State of the Art of Innate Immunity—An Overview

The innate immune system is the first line of defense against bacterial and viral infections and sterile inflammation through the recognition of pathogen-associated molecular patterns (PAMPs) as well as danger-associated molecular patterns (DAMPs) by pathogen-recognition receptors (PRRs), and produces proinflammatory and antiviral cytokines and chemokines [1].

This Special Issue of Cells is devoted to many aspects of innate immunity and gives an overview of different DAMPs, immune cells, special mechanisms, and therapeutic options for treating diseases related to chronic inflammation or infections.

One of the well-known DAMPs is the high-mobility group box 1 protein (HMGB1), which is either passively released by dying cells or actively secreted by immune and other cells and was described as implicated in both stimulating and inhibiting innate immunity. Andersson et al. reported that the pro- and anti-inflammatory activities of HMGB1 depend on post-translational modification of its disulfide bonds by binding to different extracellular cell surface receptors either directly or as a cofactor of PAMPs [2].

Another DAMP, extracellular ribosomal RNA, which is released under pathological conditions from damaged tissue, acts synergistically with Toll-like receptor 2 ligands, inducing the release of cytokines in a nuclear factor kappa B-dependent manner in vitro as well as in vivo. Grote et al. suggest that extracellular RNA might sensitize Toll-like receptor 2 to enhance the immune response under pathological conditions and therefore might serve as a new target for the treatment of bacterial or viral infections [3].

Arnholdt et al. demonstrate that cells related to innate immunity and influencing immunoregulatory and inflammatory processes, such as gamma delta T cells, play an important role in angiogenesis and tissue generation. By using a femoral artery ligation model in mice, depletion of this subset of T cells was demonstrated to impair angiogenesis, increase the number of leukocytes and inflammatory M1-like macrophages, and promote the formation of neutrophil extracellular traps (NETs) [4].

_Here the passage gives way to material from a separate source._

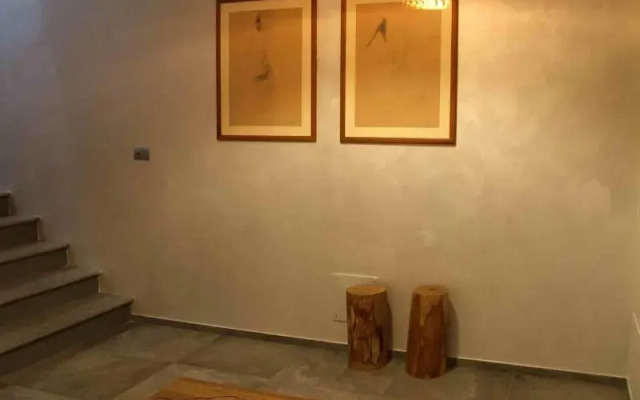 B&B Cascina Belmonte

The topic of autoinflammation is also covered in this Special Issue. The review of P. Georgel provides some examples of autoimmune/autoinflammatory diseases caused by the deregulated expression of type I interferons and interleukin-1β. The role of interleukin-1 and type I interferons and their crosstalk in autoinflammatory diseases such as rheumatic diseases are analyzed to reveal novel therapeutic opportunities [5].

Gullet et al. discuss the key components of programmed cell death pathways and highlight the plasticity of pyroptosis, apoptosis, and necroptosis as well as significant crosstalk among these pathways. The concept of PANoptosis, an inflammatory cell death pathway that integrates components of different cell death pathways and is implicated in driving innate immune responses and inflammation, is explained [6].

A review by Papendorf et al. provides a comprehensive overview of molecular pathogenesis disorders caused by proteostasis perturbations, and current knowledge of the various mechanisms by which impaired proteostasis promotes autoinflammation is summarized [7].

To investigate the crosstalk between coagulation and innate immunity, the effect of thrombin on macrophage polarization is investigated by Ukan et al. Results demonstrate that thrombin induces an anti-inflammatory phenotype in macrophages, which shows similarities to as well as differences from the classical M2 polarization states regarding the expression of secreted modular Ca²⁺-binding protein [8].

To investigate insect innate immunity, the in vitro cultivation of primary hemocytes from D. Suzuki third-instar larvae is described by Carrau et al. as a valuable tool for investigating hemocyte-derived effector mechanisms against pathogens, particularly for the formation of extracellular traps [9].

Drugs such as ganciclovir and its pro-drug valganciclovir are often used to treat viremic patients transfected with, e.g., human cytomegalovirus (HCMV). Results from Landázuri now suggest that binding and signaling through endothelin receptor B (ETBR) is crucial for viral replication and that selected ETBR blockers inhibit HCMV infections [10].

Lin et al. report that albumin attenuates chronic liver diseases (CLDs) via alleviating inflammation of Kupffer cells caused by bacterial products, which might provide a compelling rationale for albumin therapy in patients with CLDs [11].